My mom's chemo starts tomorrow. I'm really really really really scared. Here are the things I am scared of:
1. My mom losing her hair
2. My mom being very sick
3. My mom looking sick
4. My mom not able to be herself.
5. Having to be at two places at once.

There's a lot more worries, plus I got into an arguement with a friend. My feelings were so hurt that I cried all the way home from her house. Maybe it hurt so bad because I don't have a good record with friends. Maybe it was because I have had friends run away from me and hide because they didn't want to play with me. I have had friends who cheated on me with my boyfriend. I have had friends stab me in the back. Lie to me about wanting to hang out with me. I just thought that this friend wouldn't do that to me. I now know where I stand in her book. Whatever. It's not like I don't have enough on my plate to worry about.

Anyways, if anyone cares (probably not many) try to remember my mom and family this week. It will be tough on everyone, especially my dad because he won't be able to be there. Life is sucking right now.

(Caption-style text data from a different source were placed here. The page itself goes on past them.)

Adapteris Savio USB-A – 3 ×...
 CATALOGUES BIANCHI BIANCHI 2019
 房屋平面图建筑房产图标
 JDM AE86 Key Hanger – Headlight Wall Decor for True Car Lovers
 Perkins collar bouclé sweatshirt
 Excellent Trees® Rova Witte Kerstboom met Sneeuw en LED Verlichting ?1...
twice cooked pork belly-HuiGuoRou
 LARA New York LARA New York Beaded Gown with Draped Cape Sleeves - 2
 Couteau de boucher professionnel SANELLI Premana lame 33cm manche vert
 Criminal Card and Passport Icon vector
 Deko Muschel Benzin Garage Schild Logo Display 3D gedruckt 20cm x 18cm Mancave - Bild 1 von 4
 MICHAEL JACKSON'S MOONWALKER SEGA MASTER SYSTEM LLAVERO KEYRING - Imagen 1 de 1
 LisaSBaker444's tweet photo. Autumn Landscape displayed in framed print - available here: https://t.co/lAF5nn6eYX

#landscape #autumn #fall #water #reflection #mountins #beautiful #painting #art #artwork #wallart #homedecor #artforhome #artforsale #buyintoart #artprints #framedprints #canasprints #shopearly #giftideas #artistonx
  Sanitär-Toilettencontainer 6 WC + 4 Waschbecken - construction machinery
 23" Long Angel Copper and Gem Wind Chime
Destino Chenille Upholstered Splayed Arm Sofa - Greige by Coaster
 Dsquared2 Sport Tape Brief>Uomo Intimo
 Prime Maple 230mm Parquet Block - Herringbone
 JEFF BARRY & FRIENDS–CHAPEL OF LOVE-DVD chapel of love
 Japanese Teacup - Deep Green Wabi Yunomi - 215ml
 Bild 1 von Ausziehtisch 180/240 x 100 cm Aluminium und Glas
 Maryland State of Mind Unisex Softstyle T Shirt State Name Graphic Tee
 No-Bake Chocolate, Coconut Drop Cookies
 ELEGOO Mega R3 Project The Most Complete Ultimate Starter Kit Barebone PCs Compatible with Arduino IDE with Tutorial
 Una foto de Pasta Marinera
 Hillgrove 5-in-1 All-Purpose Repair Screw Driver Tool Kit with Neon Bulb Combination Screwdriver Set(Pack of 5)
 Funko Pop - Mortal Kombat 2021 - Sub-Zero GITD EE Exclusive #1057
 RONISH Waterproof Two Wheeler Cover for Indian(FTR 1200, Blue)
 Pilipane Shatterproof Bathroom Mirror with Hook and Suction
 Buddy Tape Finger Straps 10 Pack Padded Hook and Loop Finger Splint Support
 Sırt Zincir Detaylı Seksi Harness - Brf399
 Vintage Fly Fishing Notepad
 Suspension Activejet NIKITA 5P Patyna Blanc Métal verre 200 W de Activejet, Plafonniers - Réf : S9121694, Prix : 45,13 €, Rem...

Friday, September 18, 2009

Weight Watchers

I couldn't take it anymore. I hate how I look and honestly...the Wii Fit told me that I was overweight. Nope!! That's not going to happen. I have joined Weight Watchers Online. I have joined for 4 months because one month was free. I enjoy that it's online because I can't do the meeting things. I went to a meeting one time and everyone there was old and they were a lot bigger than me. I felt like they were staring at me wondering why this "skinny" girl was there. I have to enter my weight once a week and the food that I eat. That's easy. I don't have to keep up with it myself. I get 23 points a day. I can do this! I just had breakfast and it was only 3 pts. I have 20 more points today. They said that I might not start seeing results until 3 weeks into the program. That's the part I don't like. I want to do crunches and see a flatter stomach immediately!! I'm not talking six-pack abs, just smaller stomach. I want my jeans to feel looser. That doesn't happen. I have done my Wii Fit everyday for this week. I have discovered that I enjoy yoga, but my balance is the pits. I have also discovered that the arm muscles that I gained in guard have disappeared, but my abs muscles are great. I used to love push-ups. They used to be the only activity I could get the presidential for during the physical fitness test(who came up with that?) You better forget about it. Andrew gets a good laugh at my attempts though. Oh yeah, and Andrew...he looses weight just by breathing and walking to get the mail. Is he exercising? No! He just works 3rd shift which throw off everything. If I hear him complain about how his jeans are all too small and his belts aren't keeping his pants up I will slice his throat!!

Mom starts chemo on Tuesday. Her first treatment lasts for an hour and a half, after the first one it will last for 3 hours. My mom is doing okay. She is having time to process, it still doesn't feel real to her. Man, this sucks!!

Monday, September 14, 2009

Dear Diary,

Today I went to church. I was in a bad mood. I thought I was going to be the assistant Sunday school teacher for 4th and 5th graders. I was wrong, I am the assistance Sunday School teacher for 4 and 5 year olds. Oops. I didn't know that I was signing up to teach a class of children that can't read. It will be fun though. Andrew's family were no shows today even though they said they were coming to visit. Now they are coming on Labor Day. I took a nap and didn't set an alarm, because of that I missed church tonight because I woke up too late. Who knew I would take a 4 hr nap. Stephanie came down this weekend and saved my butt. The house is starting to take shape. That is all.